Insgesamt zeigen die Ergebnisse, dass in der Erwerbs- und Erwerbstätigenquote generell strukturelle Unterschiede zwischen Personen mit und ohne Migrationshintergrund bestehen. Diese äußern sich zum einen durch einen höheren Anteil an beruflich nicht formal Qualifizierten (vgl. Kapitel A11.3), die unabhängig vom Migrationshintergrund in geringerem Umfang am Erwerbsleben beteiligt sind.

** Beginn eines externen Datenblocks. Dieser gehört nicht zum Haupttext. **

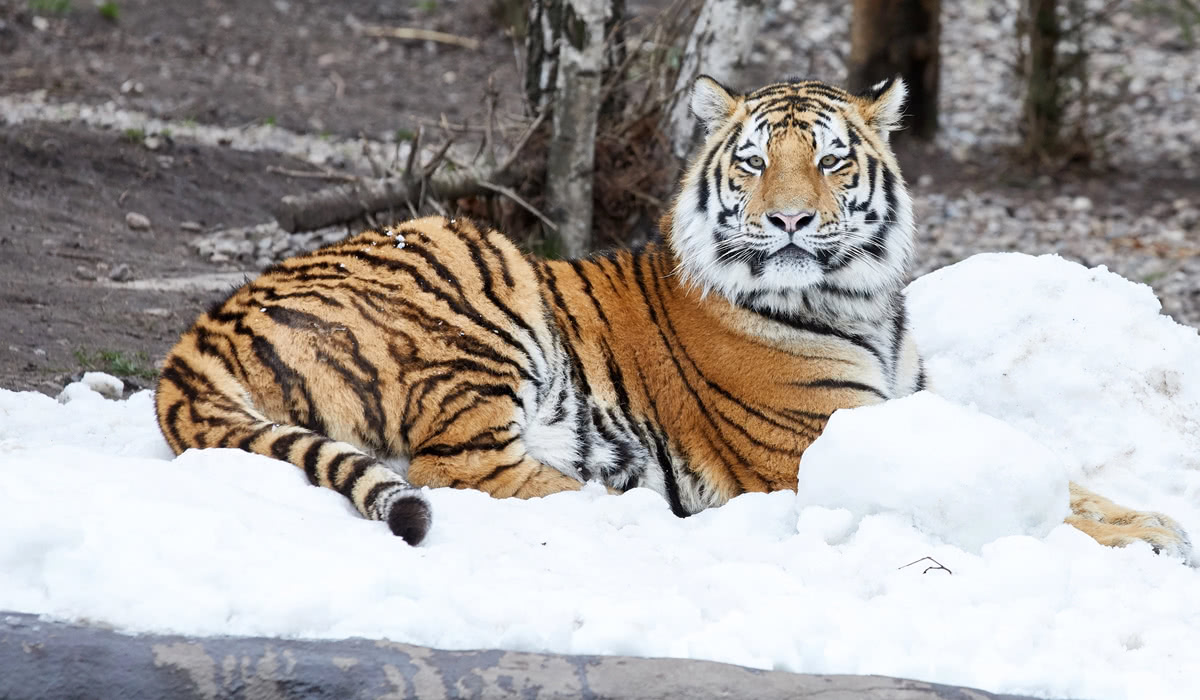 The Xinjiang tiger, the king of beasts, has become extinct - iNEWS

Zum anderen zeigt sich jedoch, dass auch Berufsabschlüsse von Migranten und Migrantinnen am Arbeitsmarkt schlechter im Sinne der Erwerbsbeteiligung verwertet werden können. Beide Beobachtungen sind in den Erwerbs- und Erwerbstätigenquoten der Migranten und Migrantinnen mit Hauptzuwanderungsmotiv der Flucht, Verfolgung, Vertreibung und des Asyls besonders eklatant. Die Ergebnisse legen demnach nahe, dass eine verbesserte Arbeitsmarktintegration auf die Reduktion beider Faktoren angewiesen ist: des Anteils von Personen ohne formalen Berufsabschluss und der strukturellen Unterschiede zwischen Personen mit und ohne Migrationshintergrund in der Erwerbsbeteiligung.

(Alexander Christ, Caroline Neuber-Pohl, Stephanie Oeynhausen, Moritz Niemann)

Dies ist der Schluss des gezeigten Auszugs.